Joining lines in a file - help!

I'm looking for a way to join lines in a file; e.,g consider the following

R|This is line 1
R|This is 
line 2
R|This is line 3
R|This is line 4
R|This is 
line 5

what i want to end up with is

R|This is line 1
R|This is line 2
R|This is line 3
R|This is line 4
R|This is line 5

so the 'real' lines start with R but there may be a line break in some of the lines therefore wanna get rid of the line break if the next line doesn't start with R|

make sense??
thanks in advance

PS been trying with sed and awk... but it's not very intuitive

One way:

awk 'NR==1{printf $0;next}/^R/{print ""}{printf $0}' file
1 Like

nice... thank you very much

now i'll try and figure out how that works!!

---------- Post updated at 08:38 AM ---------- Previous update was at 07:57 AM ----------

I've been playing around with this a little and was trying to fix a problem; i.e. there should be a space where the newline has been merged

so instead of

R|This isline 5

I want

R|This is line 5

changing to this:
awk 'NR==1{printf $0;next}/^R/{print ""}{printf " "$0}' file4

nearly worked!

another way:-

gawk '/^R/&&s{print s ; s=""}{s=s$0}END{printf s}' file.txt
o/p
R|This is line 1
R|This is line 2
R|This is line 3
R|This is line 4
R|This is line 5

BR
;);):wink:

1 Like

thanks, but that still leaves me the problem of spaces; so

R|This is 
Line1

changes to

R|This isLine1

but I want

R|This is Line1

any ideas??

I guyss I could use sed to do a substitution to put a space infront of every line that doesnt begin with R, that will solve it... but can anyone think of a neater way?

I am not facing this problem as per the o/p you see , but modify code as below:-

gawk '/^R/&&s{print s ; s=""}{s=s" "$0}END{printf s}' file.txt

I tried that... but that also gives a space at the beginning of the line
i.e.
. R|This is Line1
instead of
R|This is Line1

and to eliminate the space from beginning do the code:-

gawk '/^R/&&s{sub(/^[ ]/,"",s) ; print s ; s=""}{s=s" "$0}END{sub(/^[ ]/,"",s);printf s}' file.txt
1 Like
xargs -n 4 < infile

huaihaizi3:-

what if "This is Line 1" is containing more than 4 args?

---------- Post updated at 18:01 ---------- Previous update was at 17:49 ----------

or even you can do below:-

gawk '/^R/&&s{print s ; s=""}{s=s" "$0; sub(/^[ ]/,"",s) }END{printf s}' file.txt

:wink:

great stuff that works a treat

i was gonna put a space at the beginning of each line that doesnt start with R by the following:
sed -i '/R|/!s/^/ /' file4

then run the original solution, however yours is much cleaner

# cat file
R|This is line 1$
R|This is   $
line 2$
R|This is line 3$
R|This is line 4$
R|This is  $
line 5$
R|This is $
line 6$
R|This is$
line 7$
# awk '{if(!/^ *line/){x=$0;s1=gensub("(.*is).*","\\1",x);s=gensub("is(.*)","\\1",x);if(s~/ +/)s=" ";if(/line/)print x}\
else{xx=xx?xxFS$0:$0;print s1 s xx}}' file
R|This is line 1
R|This is line 2
R|This is line 3
R|This is line 4
R|This is line 5
R|This is line 6
R|This is line 7

regards
ygemici

with sed

 sed '
/[^[:digit:]]$/ {
N
s/\n//g
}' filename

My initial data was just an example; the data could be:

R|This is line 1 and so
it continues|next filesd
and more| still
R|This is line2

Ahmad's gawk line works for this aswell

i.e. gives result

R|This is line 1 and so it continues|next filesd and more| still
R|This is line2

Just one point though the last line didn't have a new line after it so I just ran
sed -i '$a\' ouputfile

to solve it

(I'm running the script opn multiple files then joining them after, so I need a nerw line at end of file)

Please don't give just an example data.
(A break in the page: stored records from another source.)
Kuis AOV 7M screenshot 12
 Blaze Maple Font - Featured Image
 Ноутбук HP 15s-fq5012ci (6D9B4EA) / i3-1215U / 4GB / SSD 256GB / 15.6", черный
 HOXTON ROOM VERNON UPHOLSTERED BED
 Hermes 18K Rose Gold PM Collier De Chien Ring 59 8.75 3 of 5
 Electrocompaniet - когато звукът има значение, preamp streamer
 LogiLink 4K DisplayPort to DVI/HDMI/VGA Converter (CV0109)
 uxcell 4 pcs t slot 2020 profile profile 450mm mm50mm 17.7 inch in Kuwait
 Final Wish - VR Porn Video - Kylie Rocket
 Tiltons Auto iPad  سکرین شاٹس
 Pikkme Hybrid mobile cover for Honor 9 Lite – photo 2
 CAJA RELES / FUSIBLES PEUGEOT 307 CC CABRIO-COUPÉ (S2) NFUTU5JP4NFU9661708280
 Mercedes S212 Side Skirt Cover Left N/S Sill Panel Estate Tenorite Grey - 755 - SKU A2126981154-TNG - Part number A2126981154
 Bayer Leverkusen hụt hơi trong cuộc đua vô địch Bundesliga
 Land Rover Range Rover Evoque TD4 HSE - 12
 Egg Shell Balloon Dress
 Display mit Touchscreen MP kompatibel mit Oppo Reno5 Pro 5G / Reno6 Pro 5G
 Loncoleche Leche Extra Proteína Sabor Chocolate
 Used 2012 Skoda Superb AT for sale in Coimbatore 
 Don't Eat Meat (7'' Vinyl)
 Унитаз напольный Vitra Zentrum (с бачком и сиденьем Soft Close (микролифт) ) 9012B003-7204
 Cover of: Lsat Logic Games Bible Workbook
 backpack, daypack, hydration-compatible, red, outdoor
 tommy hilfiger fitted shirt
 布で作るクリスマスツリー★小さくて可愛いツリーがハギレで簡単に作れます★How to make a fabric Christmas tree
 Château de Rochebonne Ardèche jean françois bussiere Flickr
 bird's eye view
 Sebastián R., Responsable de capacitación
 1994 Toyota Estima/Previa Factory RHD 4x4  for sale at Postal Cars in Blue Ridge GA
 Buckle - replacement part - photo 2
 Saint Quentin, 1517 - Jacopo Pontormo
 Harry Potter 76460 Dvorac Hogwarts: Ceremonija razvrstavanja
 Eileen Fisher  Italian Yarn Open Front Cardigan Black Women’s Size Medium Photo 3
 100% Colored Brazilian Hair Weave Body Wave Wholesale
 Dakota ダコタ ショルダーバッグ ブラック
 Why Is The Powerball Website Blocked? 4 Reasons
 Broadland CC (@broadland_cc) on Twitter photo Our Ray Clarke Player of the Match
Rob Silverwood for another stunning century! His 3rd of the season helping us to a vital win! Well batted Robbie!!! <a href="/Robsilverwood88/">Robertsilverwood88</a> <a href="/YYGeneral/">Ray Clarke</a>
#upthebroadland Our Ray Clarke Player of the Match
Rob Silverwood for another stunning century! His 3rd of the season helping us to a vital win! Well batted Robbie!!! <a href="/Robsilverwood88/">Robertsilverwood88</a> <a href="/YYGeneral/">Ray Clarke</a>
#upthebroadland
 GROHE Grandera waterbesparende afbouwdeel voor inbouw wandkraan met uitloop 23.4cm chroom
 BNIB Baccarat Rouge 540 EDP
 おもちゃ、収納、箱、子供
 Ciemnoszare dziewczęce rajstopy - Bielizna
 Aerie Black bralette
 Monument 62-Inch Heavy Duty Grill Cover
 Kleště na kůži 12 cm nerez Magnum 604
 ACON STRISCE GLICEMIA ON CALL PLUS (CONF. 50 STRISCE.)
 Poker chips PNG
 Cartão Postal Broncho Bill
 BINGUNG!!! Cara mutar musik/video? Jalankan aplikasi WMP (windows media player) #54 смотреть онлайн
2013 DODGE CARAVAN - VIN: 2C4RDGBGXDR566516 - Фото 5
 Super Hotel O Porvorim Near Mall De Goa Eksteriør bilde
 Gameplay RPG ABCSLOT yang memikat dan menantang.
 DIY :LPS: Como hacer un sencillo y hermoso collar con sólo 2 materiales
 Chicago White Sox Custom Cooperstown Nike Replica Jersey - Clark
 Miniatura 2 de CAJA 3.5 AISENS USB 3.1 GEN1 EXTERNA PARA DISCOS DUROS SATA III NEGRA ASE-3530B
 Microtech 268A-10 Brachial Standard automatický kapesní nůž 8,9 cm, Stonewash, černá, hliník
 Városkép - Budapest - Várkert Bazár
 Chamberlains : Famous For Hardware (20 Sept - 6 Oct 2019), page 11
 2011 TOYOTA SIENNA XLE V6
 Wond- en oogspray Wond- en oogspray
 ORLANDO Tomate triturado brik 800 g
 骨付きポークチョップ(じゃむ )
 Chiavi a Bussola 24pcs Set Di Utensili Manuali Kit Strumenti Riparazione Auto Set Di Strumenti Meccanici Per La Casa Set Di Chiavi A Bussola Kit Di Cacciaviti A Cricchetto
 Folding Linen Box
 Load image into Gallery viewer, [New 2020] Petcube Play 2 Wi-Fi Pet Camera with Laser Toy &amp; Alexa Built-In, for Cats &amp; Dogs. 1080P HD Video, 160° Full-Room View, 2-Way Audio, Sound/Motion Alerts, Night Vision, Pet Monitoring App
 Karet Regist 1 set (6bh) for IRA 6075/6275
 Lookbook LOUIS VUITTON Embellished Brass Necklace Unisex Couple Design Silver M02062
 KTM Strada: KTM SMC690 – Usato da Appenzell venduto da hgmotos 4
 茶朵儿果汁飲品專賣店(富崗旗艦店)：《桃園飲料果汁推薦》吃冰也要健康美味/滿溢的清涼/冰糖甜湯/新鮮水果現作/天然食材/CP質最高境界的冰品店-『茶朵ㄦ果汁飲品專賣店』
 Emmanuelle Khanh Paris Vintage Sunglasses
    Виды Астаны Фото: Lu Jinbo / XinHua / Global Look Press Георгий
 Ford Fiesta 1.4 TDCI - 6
This is a form to help people who really seeking for help. And if, you are looking for any answer please give exact data to help you out. Thanks.

After having some issues around spaces and format I decided to try a basic approach, so I wrote an easy to read script. It may not be the most optimal but it does the job and is easy to maintain.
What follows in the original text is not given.